“
Hace siete años, caminé por los largos pasillos en blanco y negro de la Oficina Ejecutiva del Presidente de la Casa Blanca hasta una habitación ocupada por Peter Navarro, asesor del entonces presidente Donald Trump.
El escritorio de Navarro estaba enterrado bajo montones de papel. “Siempre soy desordenado”, se rió el economista, y presentó un informe de 140 páginas con una bandera estadounidense en la portada titulado “Evaluación y Fortalecimiento de la Base Industrial y la Resiliencia de la Cadena de Suministro de Manufactura y Defensa de los Estados Unidos”. Esto afirmaba que Estados Unidos se había vuelto peligrosamente dependiente de proveedores extranjeros para bienes vitales y que, por lo tanto, necesitaba políticas industriales y controles comerciales.
“Eso es un poco retro”, bromee. La última vez que dicho lenguaje proliferó fue durante y después de la Segunda Guerra Mundial, cuando el gobierno estadounidense intentó dar forma a los negocios hacia fines nacionales. En tiempos de paz, argumentablemente el único momento comparable fue la explosión de proteccionismo en todo el mundo que siguió al crash de Wall Street de 1929.
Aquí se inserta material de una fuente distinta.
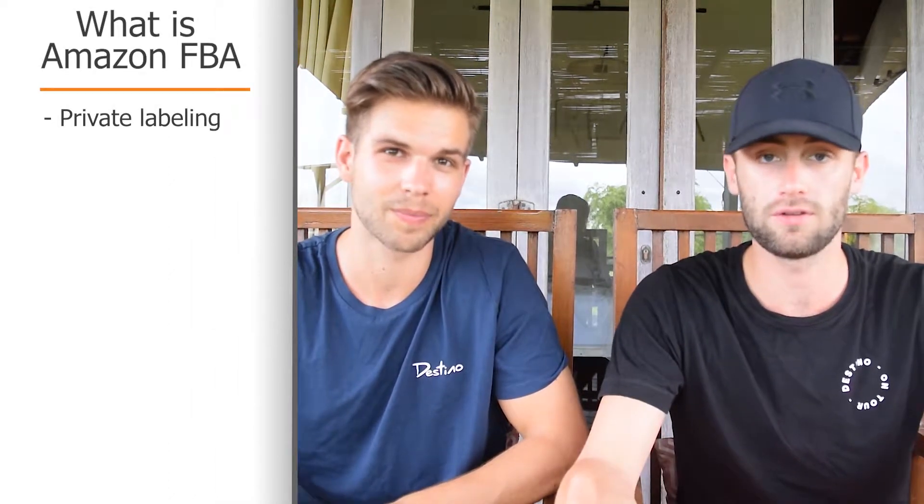So what is Amazon FBA? Some people think it's like dropshipping or retail arbitrage, but it is actually private labeling. What you do is search for a product and make your own brand on it — you stamp your own logo and make it your own. That's why it's called private labeling: you label it with your own brand, and that's what you're going to sell on Amazon.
Ese episodio terminó tan mal que, a finales del siglo XX, la política industrial y los aranceles parecían tan antiguos como las flappers. Los pasillos de la Oficina Ejecutiva del Presidente estaban llenos de funcionarios con una ética de libre mercado y a favor de la globalización, que generalmente veían el comercio a través de la lente del economista clásico David Ricardo. Su suposición era que el comercio abierto beneficia a todos: los países exportan bienes para ganar dinero para pagar importaciones, y si cada uno se especializa en áreas de ventaja comparativa, entonces todos salen beneficiados.
“¡Ricardo está muerto!” Respondió Navarro, antes de lanzarse en una diatriba contra los economistas estadounidenses más convencionales, y el Financial Times, al cual el amigo de Navarro, el agitador de derecha Steve Bannon, le gustaba decir que era como el boletín de la iglesia de una religión que querían derrocar. Señalé que la crítica era mutua.
Navarro se encogió de hombros. “Tú y los demás escritores del FT eventualmente sabrán que tengo razón, ¡ya verás!” Salí, informe en mano, mis tacones golpeando los suelos de mármol.